TASK TO COMPLETE: From the data that follows, set down exactly the lines from the one with "Dos tipos, desde" through the one with "Wildleder für Damen", counting both. Pictures stay out.

[EXTRACTED INFORMATION — start]

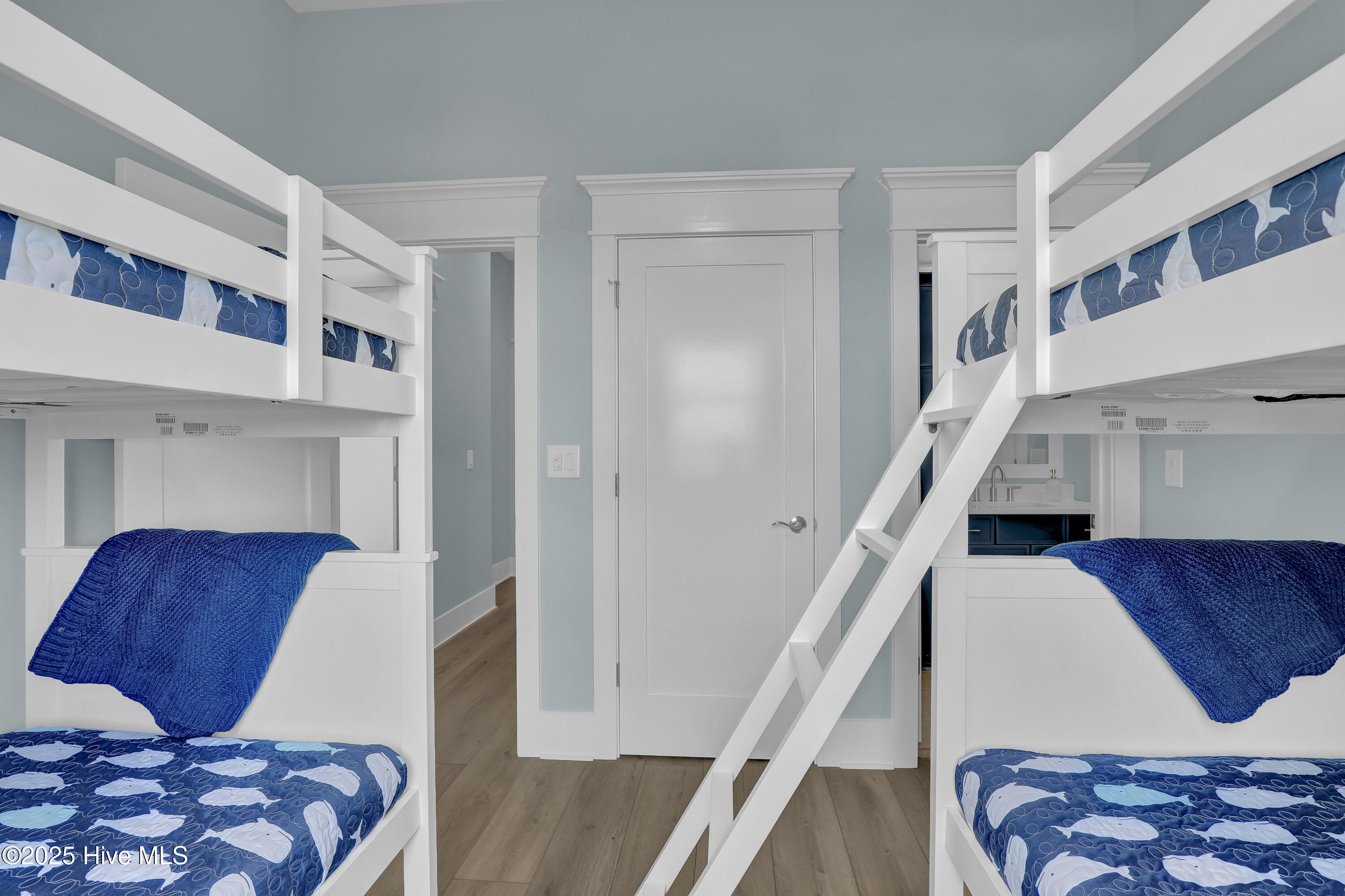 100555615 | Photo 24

[EXTRACTED INFORMATION — finish]
[EXTRACTED INFORMATION — start]

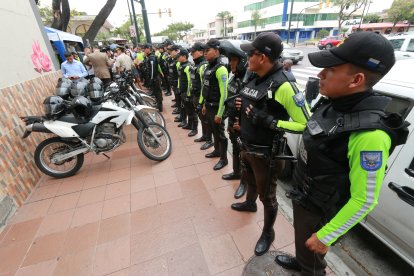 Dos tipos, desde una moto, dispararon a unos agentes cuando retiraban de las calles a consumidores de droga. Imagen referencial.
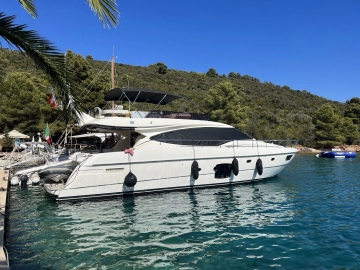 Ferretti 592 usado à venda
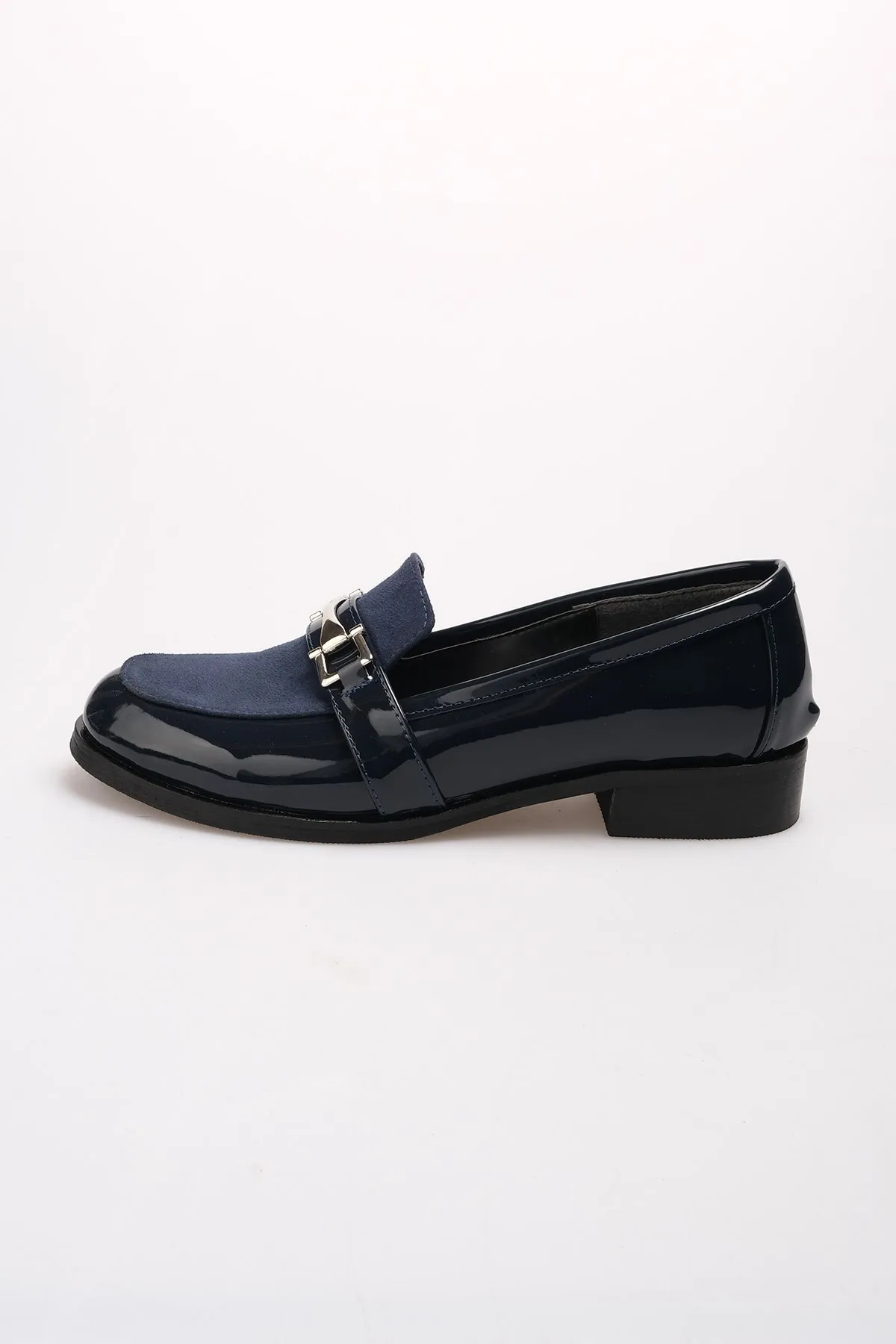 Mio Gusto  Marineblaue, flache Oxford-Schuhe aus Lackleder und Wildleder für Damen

[EXTRACTED INFORMATION — finish]

SOLVED PROBLEM:
 Dos tipos, desde una moto, dispararon a unos agentes cuando retiraban de las calles a consumidores de droga. Imagen referencial.
 Ferretti 592 usado à venda
 Mio Gusto  Marineblaue, flache Oxford-Schuhe aus Lackleder und Wildleder für Damen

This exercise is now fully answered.